If the stoics have one comment to add to society, it would be that almost all of our pain and discomfort is imagined, and ultimately something we make a choice to entertain.  Regardless of how conscious or unconscious we are during that choice.



It takes very little reading of history to realize that one of our truly greatest accomplishments is to hand over a monopoly on violence to the state.  This by no means implies that monopoly on violence is maintained with any kind of perfection – that’s simply impossible, but it’s a spectacular improvement when the alternative is to entertain the possibility of living without conversation, in a place and time when words cease to have meaning, and order is determined not by good ideas and the pursuit of better outcomes, but by a brutal set of physical facts regarding strength that is no longer tempered by thoughtful consideration.


Here is a truly fascinating question:


Could friction be reduced in society by directing people to collectively and consciously raise their bar for what signifies ‘enmity’?


The answer is absolutely.  Our bar for what signifies enmity has drifted ever downward, conflating imagined conceptual discomfort with that other dimension of harm initiated by violence.


The fact is everything right up to the first instance of violence is a conversation.  But many of us treat and receive words as though they are grenades.  The leap to violence occurs when a person no longer sees language as an effective resource.  Now does this say more about the resource or the person who doesn’t know how to use it effectively?


As Isaac Asimov once wrote:


Violence is the last refuge of the incompetent.



The main incompetency to which this refers is language.  What little violence accomplishes, language accomplishes quit literally, everything else.


Another valid question which arises is the issue of violence presented by something that is simply not capable of conversation, be it an animal or a rare pathology among people.


Now arises the issue of how to use force?  Is violence a blanket concept with no gradations of nuance?  Perhaps, but strength, and the use of force certainly is susceptible to the knife of nuance.  The state monopoly on violence and force is an example of this.  The average experience of physical violence is drastically different when it is centralized in this way.  Violent crime has been trending downwards for decades, and certainly centuries and millenia, despite what recent events might inspire us to think.  Surely there are those who wish to live in a world that is totally devoid of physical force and even the possibility of it, but this is a fantasy irreconcilable with reality.  The question emerges, as it has always waited: exactly how are we going to choose to live with the ever present possibility of physical force?  The monopoly of violence as centralized with the state presents one possibility which certainly seems superior to much of our history.

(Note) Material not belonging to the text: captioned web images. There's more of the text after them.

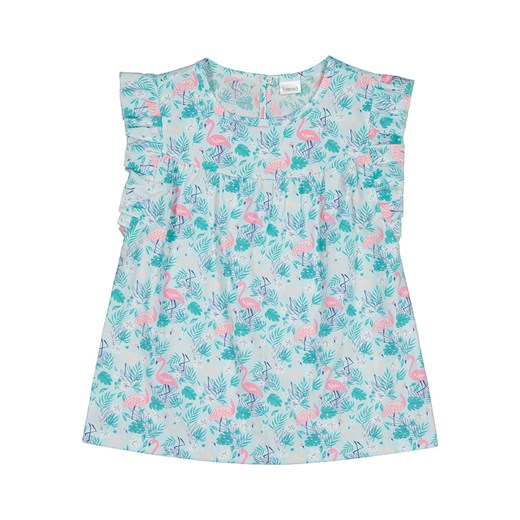 lamino Koszulka w kolorze turkusowym ze sklepu Limango Polska w kategorii Bluzki dziewczęce - zdjęcie 163725312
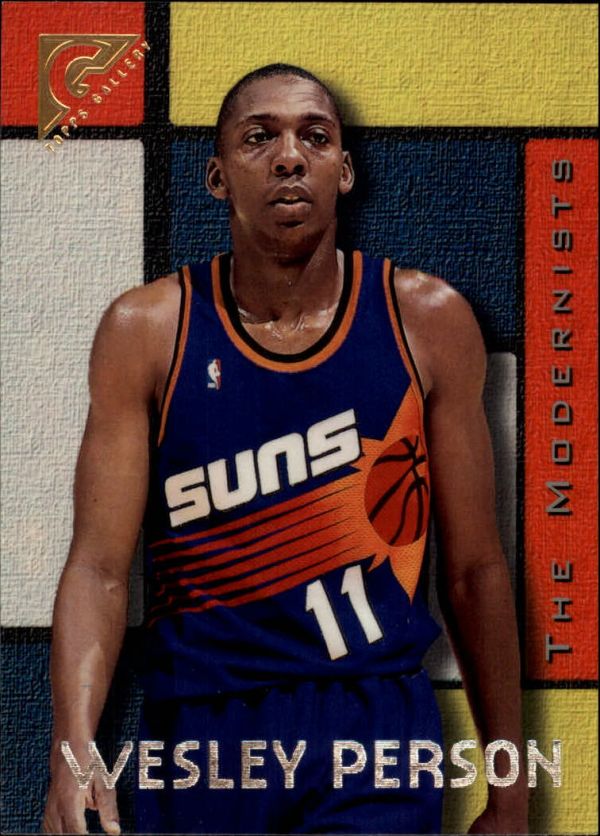 NBA 1995-96 Topps Gallery - No. 32 - Wesley Person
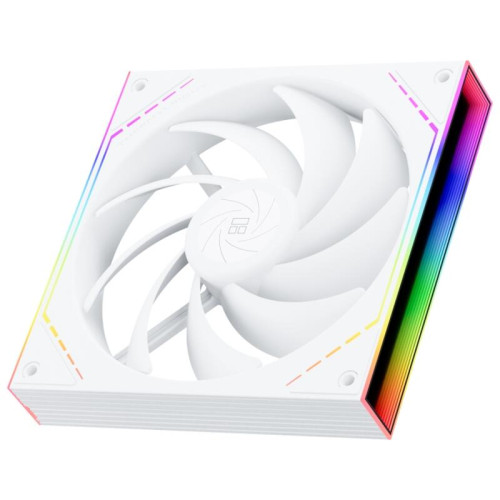 Кулер для корпуса/ Case Cooler Thermalright TL-M14W (140x144x25mm, 4-pin PWM, ARGB, 88.75CFM, 23.7dBA, 1500RPM, White) Кулер для корпуса/ Case Cooler Thermalright TL-M14W (140x144x25mm, 4-pin PWM, ARGB, 88.75CFM, 23.7dBA, 1500RPM, White)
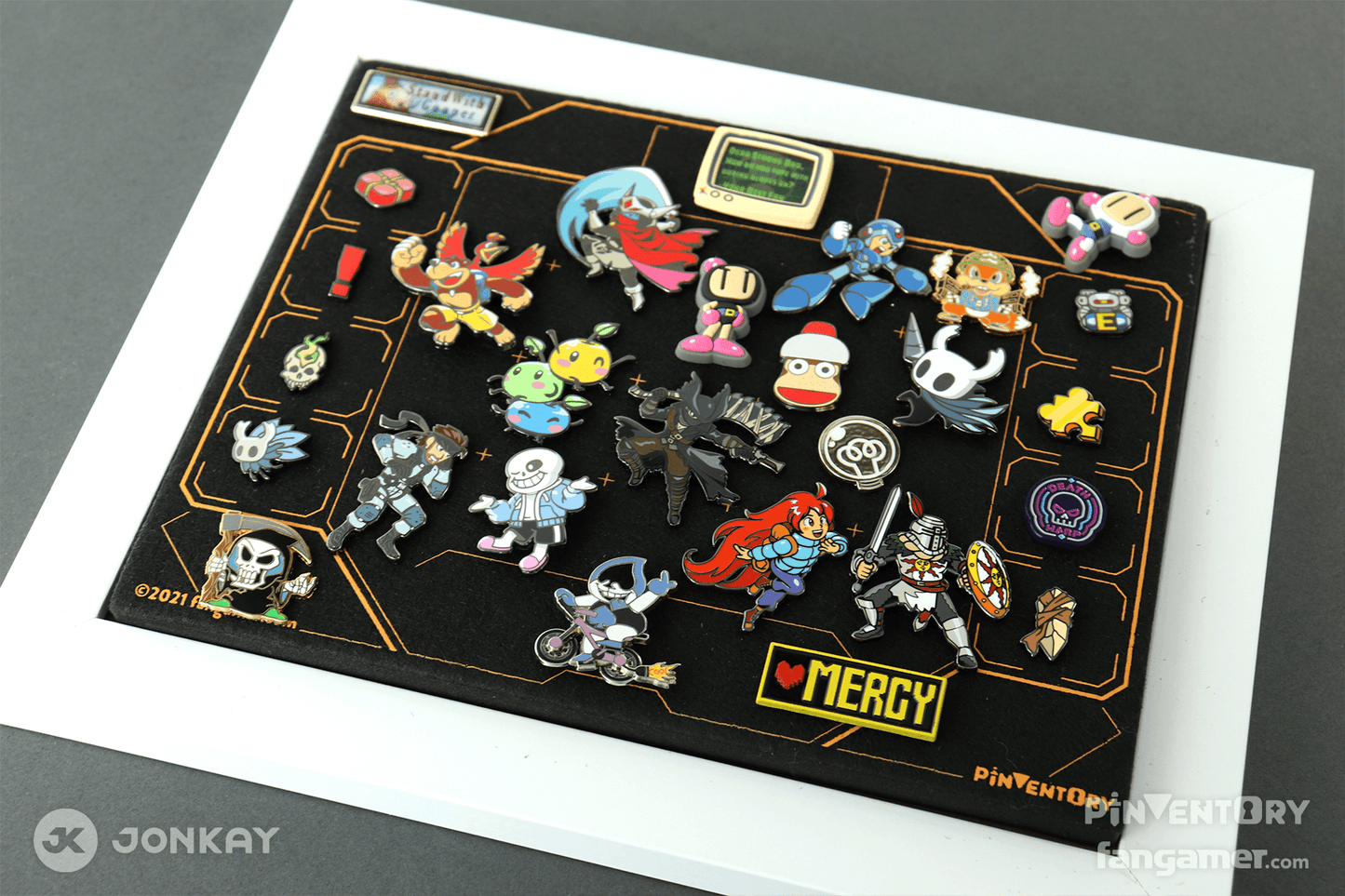Quest Gear Pinboard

Another comes from the Bible.  In the Gospel of Mathew it is stated:


Blessed are the meek,

for they shall inherit the earth.


At first reading this quote seems somewhat, well, pathetic.  The word ‘meek’ evokes an image of frail cowardliness.  But the English word ‘meek’ is a very poor translation.  A theologian by the name James Strong analyzed this word.  It is translated from the Greek word praus (πραε?ς) which has no easy equivalent in English.  James Strong explained the meaning for the word as “strength under control”.  We might imagine the powerful jaws of a lion lightly clasping it’s cub to move it.  The lion’s act of moving it’s cub here would be an instance of being ‘meek’ as it was originally intended.


The beatitude from the Gospel of Mark implies what Asimov later identifies: true strength is exhibited not upon others, but over one’s self, especially when it comes to those capable of great harm, but equally versed in this self control.  This dual strength is asymmetric.  It is like the warrior who prefers to garden as opposed to the gardener who suddenly finds themselves in a war and totally unprepared. 


Being strong enough not to use one’s strength is the key to our future.